Once you find the line containing "Park halindeki otomobil" in the data below, copy it and each following line exactly, up to and including the line containing "枣庄12年奔驰唯雅诺4", and nothing else.

Caption-style text data
____

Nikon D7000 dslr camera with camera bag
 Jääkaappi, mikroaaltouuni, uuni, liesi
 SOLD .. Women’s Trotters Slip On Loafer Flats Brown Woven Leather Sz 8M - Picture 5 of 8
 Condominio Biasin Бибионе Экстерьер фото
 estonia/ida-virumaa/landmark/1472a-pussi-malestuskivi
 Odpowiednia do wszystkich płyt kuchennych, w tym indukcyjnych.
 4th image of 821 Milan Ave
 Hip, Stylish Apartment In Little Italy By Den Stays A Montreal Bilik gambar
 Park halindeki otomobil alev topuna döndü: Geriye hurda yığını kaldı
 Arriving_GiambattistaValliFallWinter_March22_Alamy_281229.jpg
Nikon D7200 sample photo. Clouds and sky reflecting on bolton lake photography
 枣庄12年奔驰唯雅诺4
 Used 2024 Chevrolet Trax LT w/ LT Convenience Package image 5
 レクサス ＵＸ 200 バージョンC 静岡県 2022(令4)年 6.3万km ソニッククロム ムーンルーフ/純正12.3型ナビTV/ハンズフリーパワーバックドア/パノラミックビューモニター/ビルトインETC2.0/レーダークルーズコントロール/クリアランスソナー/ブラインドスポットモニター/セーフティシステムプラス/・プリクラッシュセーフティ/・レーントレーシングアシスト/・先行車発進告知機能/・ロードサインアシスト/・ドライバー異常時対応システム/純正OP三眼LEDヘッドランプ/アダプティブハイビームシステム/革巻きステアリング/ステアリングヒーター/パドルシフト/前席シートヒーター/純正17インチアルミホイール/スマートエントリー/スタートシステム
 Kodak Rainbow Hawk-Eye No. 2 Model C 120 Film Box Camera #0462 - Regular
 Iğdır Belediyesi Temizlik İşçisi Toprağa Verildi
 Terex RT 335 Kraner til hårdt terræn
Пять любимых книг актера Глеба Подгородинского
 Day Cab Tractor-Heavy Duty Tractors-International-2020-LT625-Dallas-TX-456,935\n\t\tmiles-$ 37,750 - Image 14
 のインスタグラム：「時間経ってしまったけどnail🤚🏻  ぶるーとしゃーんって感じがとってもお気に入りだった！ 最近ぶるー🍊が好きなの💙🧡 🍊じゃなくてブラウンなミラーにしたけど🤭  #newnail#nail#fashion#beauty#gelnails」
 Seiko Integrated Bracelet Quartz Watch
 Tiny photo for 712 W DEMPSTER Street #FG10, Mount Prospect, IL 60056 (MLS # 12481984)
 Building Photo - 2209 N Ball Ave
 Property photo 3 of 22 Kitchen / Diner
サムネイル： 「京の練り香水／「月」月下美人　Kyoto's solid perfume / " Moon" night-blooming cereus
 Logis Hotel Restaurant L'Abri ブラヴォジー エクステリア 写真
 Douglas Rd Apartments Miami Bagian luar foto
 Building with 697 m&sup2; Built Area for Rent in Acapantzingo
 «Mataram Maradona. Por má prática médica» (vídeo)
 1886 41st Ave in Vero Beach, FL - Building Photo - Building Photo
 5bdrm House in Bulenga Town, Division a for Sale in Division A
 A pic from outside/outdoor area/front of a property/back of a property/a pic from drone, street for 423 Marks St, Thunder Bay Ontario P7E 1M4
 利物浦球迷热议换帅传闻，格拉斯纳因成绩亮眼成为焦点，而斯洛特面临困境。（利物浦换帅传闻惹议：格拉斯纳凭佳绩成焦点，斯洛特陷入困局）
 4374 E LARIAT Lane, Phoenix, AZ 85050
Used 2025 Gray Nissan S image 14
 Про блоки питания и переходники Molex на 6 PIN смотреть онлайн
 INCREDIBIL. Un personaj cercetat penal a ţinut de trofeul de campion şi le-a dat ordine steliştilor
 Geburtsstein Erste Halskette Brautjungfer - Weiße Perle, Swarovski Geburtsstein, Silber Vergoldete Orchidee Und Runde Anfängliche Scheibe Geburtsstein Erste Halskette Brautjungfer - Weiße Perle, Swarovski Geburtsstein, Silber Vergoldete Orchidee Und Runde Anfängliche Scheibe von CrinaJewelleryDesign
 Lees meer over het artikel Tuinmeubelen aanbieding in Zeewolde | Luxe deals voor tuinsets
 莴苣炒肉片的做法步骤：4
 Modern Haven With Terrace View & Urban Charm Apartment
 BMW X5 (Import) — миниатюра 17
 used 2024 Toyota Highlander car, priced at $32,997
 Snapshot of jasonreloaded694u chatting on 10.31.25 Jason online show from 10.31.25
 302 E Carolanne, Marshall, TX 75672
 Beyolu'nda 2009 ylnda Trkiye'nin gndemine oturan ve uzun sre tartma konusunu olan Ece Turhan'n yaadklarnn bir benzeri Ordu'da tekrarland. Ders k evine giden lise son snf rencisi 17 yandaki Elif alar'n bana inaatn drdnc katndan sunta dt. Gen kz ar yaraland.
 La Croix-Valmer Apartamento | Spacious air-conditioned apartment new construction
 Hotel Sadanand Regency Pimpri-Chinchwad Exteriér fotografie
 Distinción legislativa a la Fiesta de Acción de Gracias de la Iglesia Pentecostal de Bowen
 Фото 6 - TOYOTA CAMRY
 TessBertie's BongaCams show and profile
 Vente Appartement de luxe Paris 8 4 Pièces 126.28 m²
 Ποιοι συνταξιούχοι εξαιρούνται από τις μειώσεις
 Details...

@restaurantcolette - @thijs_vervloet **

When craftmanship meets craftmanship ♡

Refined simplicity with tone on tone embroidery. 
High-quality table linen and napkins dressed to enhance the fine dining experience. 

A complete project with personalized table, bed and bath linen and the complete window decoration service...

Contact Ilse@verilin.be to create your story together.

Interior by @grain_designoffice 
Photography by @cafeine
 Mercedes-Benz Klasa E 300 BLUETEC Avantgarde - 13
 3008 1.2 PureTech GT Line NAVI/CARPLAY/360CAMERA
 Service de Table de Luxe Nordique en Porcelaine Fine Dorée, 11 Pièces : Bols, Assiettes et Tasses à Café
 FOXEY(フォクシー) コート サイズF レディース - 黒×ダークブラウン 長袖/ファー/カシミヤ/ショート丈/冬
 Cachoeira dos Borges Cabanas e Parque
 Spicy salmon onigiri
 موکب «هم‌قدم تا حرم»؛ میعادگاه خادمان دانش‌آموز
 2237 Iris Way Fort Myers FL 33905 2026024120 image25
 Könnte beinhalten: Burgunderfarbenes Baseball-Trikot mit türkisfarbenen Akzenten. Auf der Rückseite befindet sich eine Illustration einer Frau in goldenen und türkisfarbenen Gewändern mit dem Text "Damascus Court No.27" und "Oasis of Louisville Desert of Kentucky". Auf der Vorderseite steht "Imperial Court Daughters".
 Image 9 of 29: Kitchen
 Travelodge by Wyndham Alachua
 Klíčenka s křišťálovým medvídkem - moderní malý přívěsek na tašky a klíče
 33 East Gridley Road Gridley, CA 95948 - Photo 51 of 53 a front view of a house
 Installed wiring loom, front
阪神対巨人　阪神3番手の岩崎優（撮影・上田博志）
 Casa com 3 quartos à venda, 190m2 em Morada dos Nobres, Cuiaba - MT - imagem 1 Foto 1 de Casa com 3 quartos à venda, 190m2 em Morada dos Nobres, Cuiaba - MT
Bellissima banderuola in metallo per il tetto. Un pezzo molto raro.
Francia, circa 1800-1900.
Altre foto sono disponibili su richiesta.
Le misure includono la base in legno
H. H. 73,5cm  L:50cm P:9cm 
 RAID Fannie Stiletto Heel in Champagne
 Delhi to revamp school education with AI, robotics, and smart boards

____

▸ **Answer space**
 Park halindeki otomobil alev topuna döndü: Geriye hurda yığını kaldı
 Arriving_GiambattistaValliFallWinter_March22_Alamy_281229.jpg
Nikon D7200 sample photo. Clouds and sky reflecting on bolton lake photography
 枣庄12年奔驰唯雅诺4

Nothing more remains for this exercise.